▸ **Provided data**:
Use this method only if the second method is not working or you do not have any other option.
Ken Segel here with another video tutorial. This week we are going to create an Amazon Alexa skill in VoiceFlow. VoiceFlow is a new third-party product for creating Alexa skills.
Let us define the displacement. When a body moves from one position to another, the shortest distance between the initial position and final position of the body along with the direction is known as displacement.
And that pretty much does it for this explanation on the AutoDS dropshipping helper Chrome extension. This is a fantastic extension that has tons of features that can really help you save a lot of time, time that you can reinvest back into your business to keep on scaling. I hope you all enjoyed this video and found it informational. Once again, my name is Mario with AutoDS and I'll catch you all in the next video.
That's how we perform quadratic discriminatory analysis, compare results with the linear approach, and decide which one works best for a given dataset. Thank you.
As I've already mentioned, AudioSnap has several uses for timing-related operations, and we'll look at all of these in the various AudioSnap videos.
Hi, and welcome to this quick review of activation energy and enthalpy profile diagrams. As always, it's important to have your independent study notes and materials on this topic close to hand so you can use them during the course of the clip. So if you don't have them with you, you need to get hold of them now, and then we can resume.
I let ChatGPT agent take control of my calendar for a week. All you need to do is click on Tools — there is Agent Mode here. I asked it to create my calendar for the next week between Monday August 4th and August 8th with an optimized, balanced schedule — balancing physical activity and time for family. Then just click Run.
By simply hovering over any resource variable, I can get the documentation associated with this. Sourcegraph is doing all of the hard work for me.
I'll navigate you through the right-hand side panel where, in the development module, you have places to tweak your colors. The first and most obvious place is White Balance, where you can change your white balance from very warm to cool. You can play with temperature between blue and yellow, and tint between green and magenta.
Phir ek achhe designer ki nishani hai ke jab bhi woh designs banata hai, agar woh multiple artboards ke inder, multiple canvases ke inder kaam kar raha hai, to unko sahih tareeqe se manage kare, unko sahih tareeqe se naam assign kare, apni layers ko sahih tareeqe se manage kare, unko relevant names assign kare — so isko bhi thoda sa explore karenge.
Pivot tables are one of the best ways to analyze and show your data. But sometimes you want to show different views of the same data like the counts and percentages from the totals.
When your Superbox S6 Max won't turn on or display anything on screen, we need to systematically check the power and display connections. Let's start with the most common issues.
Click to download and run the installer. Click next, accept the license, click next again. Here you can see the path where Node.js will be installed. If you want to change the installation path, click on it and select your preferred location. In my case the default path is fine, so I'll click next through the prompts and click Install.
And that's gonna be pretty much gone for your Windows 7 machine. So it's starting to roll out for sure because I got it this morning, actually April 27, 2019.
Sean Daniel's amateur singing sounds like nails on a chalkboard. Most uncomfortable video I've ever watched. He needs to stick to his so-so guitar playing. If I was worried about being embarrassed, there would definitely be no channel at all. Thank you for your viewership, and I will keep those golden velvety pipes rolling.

▸ **What to do**:
Quote, with nothing altered, all lines from the start of the entries to the line that carries "That's how we", inclusive.

▸ **Solution to the problem**:
Use this method only if the second method is not working or you do not have any other option.
Ken Segel here with another video tutorial. This week we are going to create an Amazon Alexa skill in VoiceFlow. VoiceFlow is a new third-party product for creating Alexa skills.
Let us define the displacement. When a body moves from one position to another, the shortest distance between the initial position and final position of the body along with the direction is known as displacement.
And that pretty much does it for this explanation on the AutoDS dropshipping helper Chrome extension. This is a fantastic extension that has tons of features that can really help you save a lot of time, time that you can reinvest back into your business to keep on scaling. I hope you all enjoyed this video and found it informational. Once again, my name is Mario with AutoDS and I'll catch you all in the next video.
That's how we perform quadratic discriminatory analysis, compare results with the linear approach, and decide which one works best for a given dataset. Thank you.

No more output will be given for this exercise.